There are different techniques for the fabrication of mucoadhesive buccal films. Solvent casting is one of the most commonly used methods which fabricates multilayered buccal films for various applications. However, there are some limitations associated with solvent casting. Solvent cast films may contain the residual solvents which can be hazardous to patients and the environment. Moreover, there is the possibility of degradation of bioactive agents such as drugs and proteins in contact with organic solvents. Films developed by solvent casting are prone to brittleness and they have low surface-area-to-volume ratio and low drug loading capacity compared to electrospun films. The manufacturing of oral films with a suitable uniformity and quality is also problematic. It requires a huge investment to optimize the production conditions such as mixing rates, drying time and film thickness which may influence the commercial production [29]. Electrospinning is considered as a promising alternative to solvent casting method which produces amorphous fibrous films with high flexibility and plasticity, without using plasticizers, and higher surface area compared to solvent cast films [30].

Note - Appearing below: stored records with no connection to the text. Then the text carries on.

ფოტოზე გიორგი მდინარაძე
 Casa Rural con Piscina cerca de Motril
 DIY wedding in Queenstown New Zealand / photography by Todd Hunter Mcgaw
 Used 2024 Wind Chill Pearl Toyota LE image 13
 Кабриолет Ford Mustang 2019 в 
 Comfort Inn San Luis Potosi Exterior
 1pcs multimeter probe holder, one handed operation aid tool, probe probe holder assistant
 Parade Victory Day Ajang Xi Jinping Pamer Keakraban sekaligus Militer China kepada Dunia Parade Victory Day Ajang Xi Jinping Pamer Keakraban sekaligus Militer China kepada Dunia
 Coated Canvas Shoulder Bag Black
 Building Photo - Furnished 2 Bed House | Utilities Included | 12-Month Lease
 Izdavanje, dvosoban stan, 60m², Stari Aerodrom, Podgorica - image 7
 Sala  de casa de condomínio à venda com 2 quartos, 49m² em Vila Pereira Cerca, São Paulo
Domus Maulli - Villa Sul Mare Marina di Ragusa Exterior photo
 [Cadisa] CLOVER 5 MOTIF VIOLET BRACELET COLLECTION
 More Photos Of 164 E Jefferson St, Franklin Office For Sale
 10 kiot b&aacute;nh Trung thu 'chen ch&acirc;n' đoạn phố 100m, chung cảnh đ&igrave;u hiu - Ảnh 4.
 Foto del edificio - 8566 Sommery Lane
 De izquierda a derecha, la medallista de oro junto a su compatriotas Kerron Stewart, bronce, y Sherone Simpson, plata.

In the current study, two types of mucoadhesive buccal films containing neem extract with the reservoir design were fabricated through solvent casting and electrospinning/electrospraying techniques for local treatment of oral and dental problems. The goal is to fabricate an appropriate buccal film with enhanced properties in terms of suitable mucoadhesion, high drug loading capacity, controlled drug delivery and antibacterial activity. To this aim, PVA/chitosan composite film with the ratio of 80:20 was used as ideal mucoadhesive polymers and genipin with optimum concentration was used as a crosslinking agent to control the swelling index, mechanical and mucoadhesive features. Subsequently, neem extract as an efficient herbal medicine for oral and dental problems with high antibacterial and pain relieving properties, was encapsulated into the PhNTs as a drug nanocarrier. Two fabrication methods including solvent casting and simultaneous electrospinning/electrospraying were used to prepare the final mucoadhesive oral films. The prepared buccal films were evaluated and compared in terms of physical, morphological, mechanical properties as well as swelling, mucoadhesion, drug loading capacity, in vitro drug release, cell cytotoxicity and antibacterial activity.

Materials and methods

Materials

Polyvinyl alcohol (PVA; Mw: 195000 kDa), poly(caprolactone) (PCL; Mw: 80 kDa) and phenylalanine amino acid were purchased from Sigma-Aldrich (U.K.). Chitosan (low molecular weight) was prepared from Aldrich (USA). Ethanol (96% purity), acetone and acetic acid were obtained from Merck (Germany). Genipin was purchased from Challenge Bioproducts Co., Ltd, Taiwan. Dried neem kernels were obtained from the local vegetable market, Iran. Na₂HPO₄.2H₂O (99% purity), KH₂PO₄ and NaCl were purchased from Merck Millipore to prepare artificial saliva solution (pH = 6.75).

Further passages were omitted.